Diagnosis of Large Vessel Vasculitis and Polymyalgia Rheumatica with FDG-PET/CT

Large vessel vasculitis (LVV) and polymyalgia rheumatica (PMR) are both inflammatory rheumatic diseases that can result in serious illness if not diagnosed.  Unfortunately, these conditions remain challenging to diagnose due to their nonspecific symptoms and the absence of pathognomonic laboratory findings.  In recent years, 18F-fluorodeoxyglucose positron emission tomography/computed tomography (18F-FDG PET/CT) has emerged as an essential tool in evaluating and managing LVV and PMR.  This article aims to discuss the role of 18F-FDG PET/CT in the diagnosis, management, and follow-up of patients with LVV and PMR.

The Role of 18F-FDG PET/CT in Diagnosis

LVV encompasses a group of disorders, including giant cell arteritis (GCA) and Takayasu arteritis (TA), which involve the inflammation of the large arteries.  PMR, conversely, is a clinical syndrome characterised by pain and stiffness in the shoulder and pelvic girdles.  Although PMR and GCA may present as separate entities, there is significant overlap between these conditions, as approximately 40-60% of GCA patients may also have PMR symptoms.

Conventional diagnostic methods for LVV and PMR include laboratory tests such as erythrocyte sedimentation rate and C-reactive protein and modern imaging modalities like ultrasound, magnetic resonance imaging (MRI), and computed tomography (CT).  However, these tests may have limitations regarding sensitivity, specificity, and ability to detect disease activity.
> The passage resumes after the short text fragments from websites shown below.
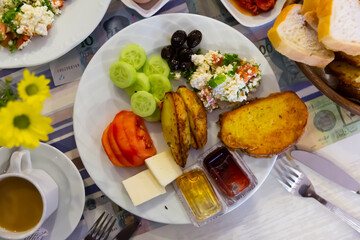 Breakfast at the hotel of tomatoes, cucumbers, potatoes, salad, cheese, olives and bread.
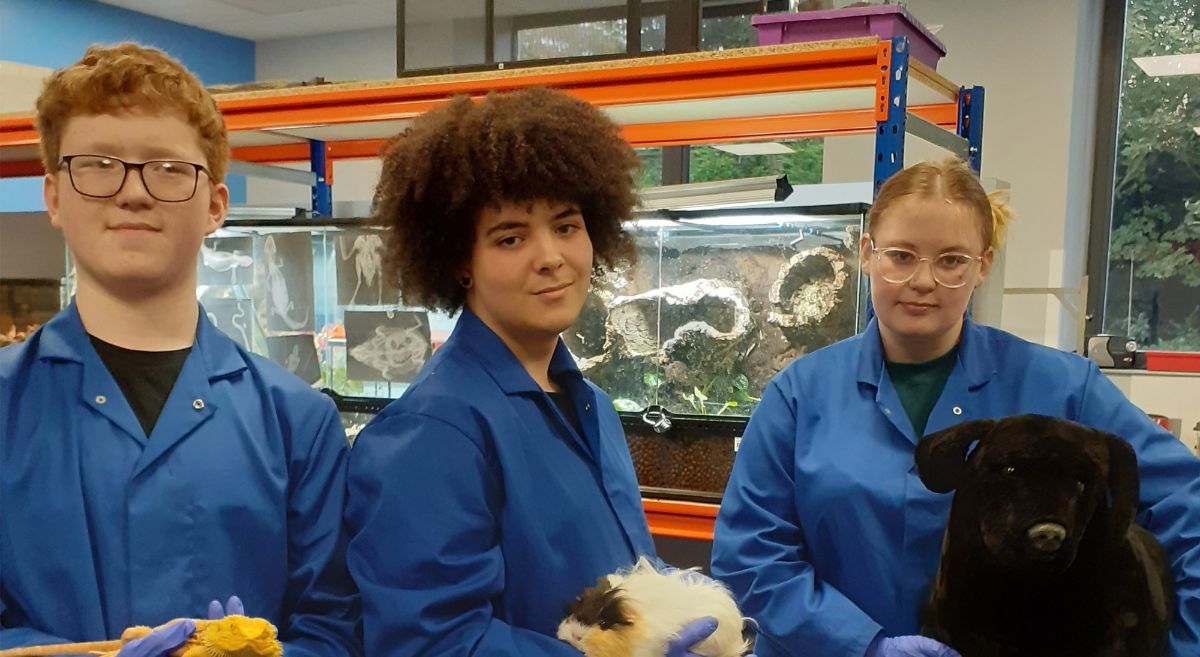 Three students, two with live animals and one with model dog, all wearing blue lab coats in animal house.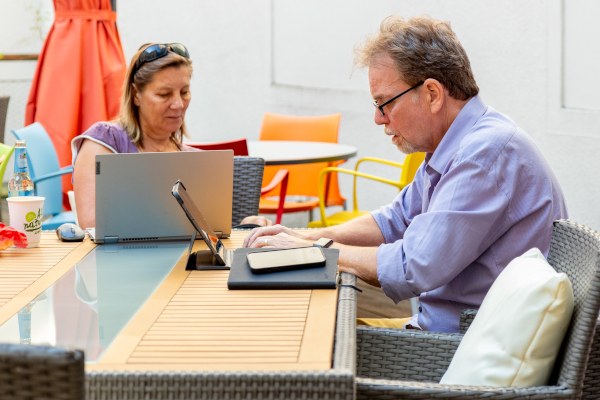 Zwei Personen sitzen am Tisch und arbeiten an ihren Laptops.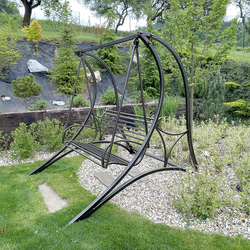 Wrought-iron garden swing in the garden of a family house – forged swing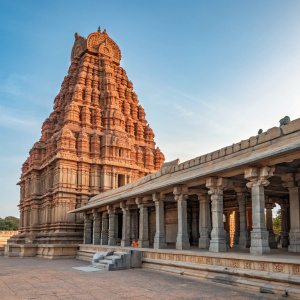A stunning photograph of the Sree Virupaksha Temple in Hampi, Karnataka, India. The temple's grandeur is highlighted by its detailed stone carvings and vibrant reddish-brown hues, set against a clear blue sky. Immaculate pillars and a towering, tiered structure dominate the frame.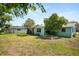 View of the home's fenced-in backyard and back exterior at 1007 3Rd St, Port Orange, FL 32129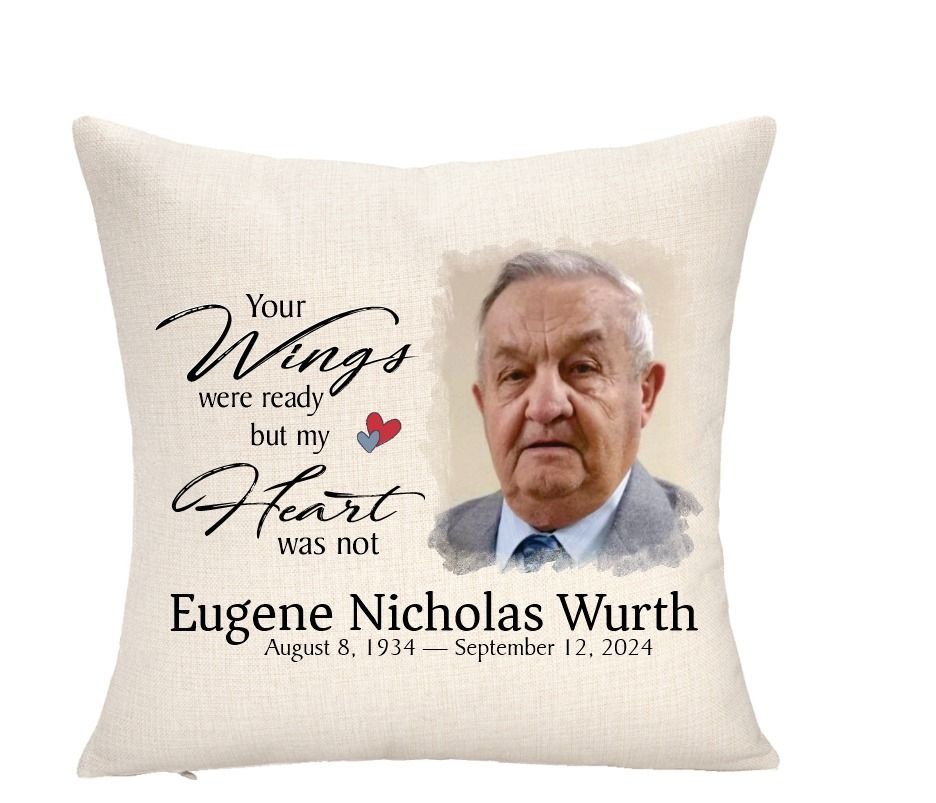 Cushion with photo and text, memorializing Eugene Nicholas Wurth. Includes dates and quote, 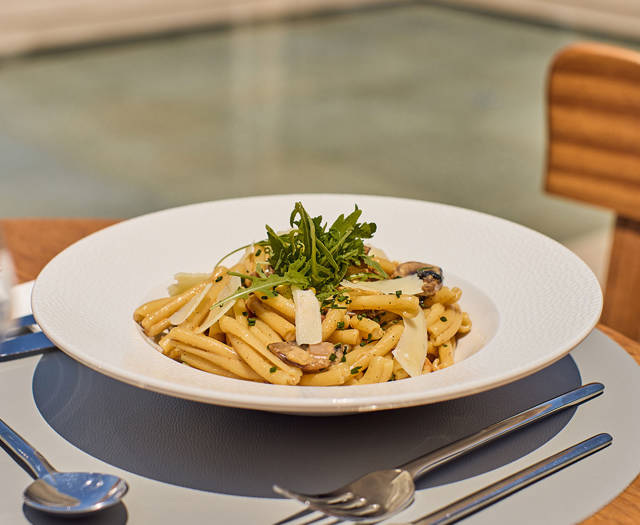 Creamy pasta with mushrooms, shaved cheese, and fresh greens served in an outdoor dining setting.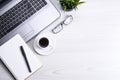 Top view of office work space, wooden desk table with laptop notebook,keyboard ,pen,eyeglasses,phone,notebook and cup of coffee. Royalty Free Stock Photo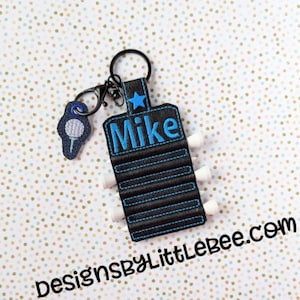 Puede incluir: Un porta tees de golf negro con una estrella azul y el nombre "Mike" bordado. El porta tees tiene seis ranuras para tees de golf y está unido a un llavero plateado con un dije de pelota de golf.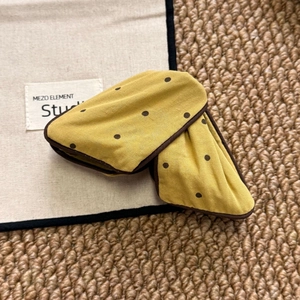 Close-up of yellow polka dot fabric scrunchie with lace edge and brown trimming details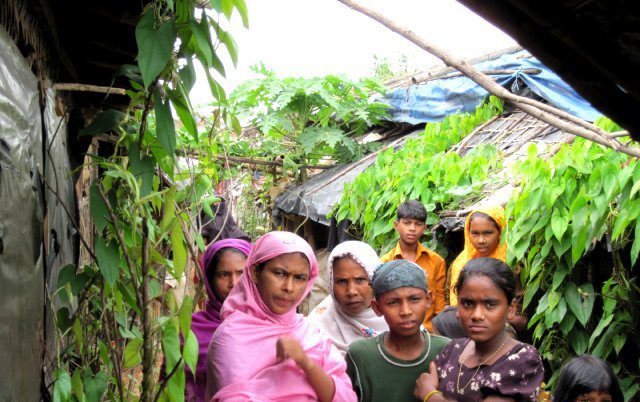refugee women standing in front of a house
18F-FDG PET/CT has shown promise in diagnosing LVV and PMR due to its ability to detect increased metabolic activity and inflammation in the affected vessels and musculoskeletal structures.  In addition, it has demonstrated high sensitivity and specificity in diagnosing GCA and TA, with studies reporting sensitivity rates of 85-100% and specificity rates of 75-93%.  

In PMR, 18F-FDG PET/CT has shown high sensitivity in detecting subclinical inflammation of the shoulder and pelvic girdles, which may aid in early diagnosis and initiation of therapy.

Optimising Management of Large Vessel Vasculitis and Polymyalgia Rheumatica

18F-FDG PET/CT can be crucial in managing LVV and PMR by assessing the extent of vascular involvement, evaluating response to treatment, and detecting complications.  The extent of vascular involvement in LVV is an important determinant of treatment strategy and prognosis.  18F-FDG PET/CT can help identify the affected arteries and potential complications such as stenosis, occlusion, or aneurysm formation, allowing for tailored treatment approaches.

Monitoring treatment response is vital in managing LVV and PMR, as it can help guide therapy adjustments and prevent unnecessary treatment-related side effects.  18F-FDG PET/CT can be used to assess the effectiveness of treatment by evaluating changes in metabolic activity and inflammation in the affected structures.  A decrease in 18F-FDG uptake after treatment initiation indicates a favourable response to therapy, while persistent or increased uptake may suggest the need for alternative treatments or further investigations.

Given the chronic and relapsing nature of LVV and PMR, long-term follow-up is necessary to monitor disease activity and detect relapses.  18F-FDG PET/CT can be used to monitor patients for disease recurrence, particularly in cases where clinical and laboratory findings are inconclusive.  Early detection of relapse can prompt timely intervention and prevent disease progression and complications.

Conclusion

The role of 18F-FDG PET/CT in the diagnosis, management, and follow-up of large vessel vasculitis and polymyalgia rheumatica is invaluable.  Its ability to detect increased metabolic activity and inflammation in affected vessels and musculoskeletal structures enables timely diagnosis and initiation of appropriate therapies.  In addition, 18F-FDG PET/CT can help guide tailored treatment approaches and monitor for disease recurrence by assessing the extent of vascular involvement, evaluating treatment response, and detecting complications.

Although the growing evidence supporting the use of 18F-FDG PET/CT in evaluating LVV and PMR, specific challenges and limitations still exist.  These include variability in image interpretation, patient factors such as age, glucose levels, and inflammatory comorbidities impact on 18F-FDG uptake and exposure to ionising radiation.  To optimise 18F-FDG PET/CT in clinical practice, further research is needed to establish standardised protocols, improve image interpretation, and develop novel radiotracers with higher specificity for inflammation.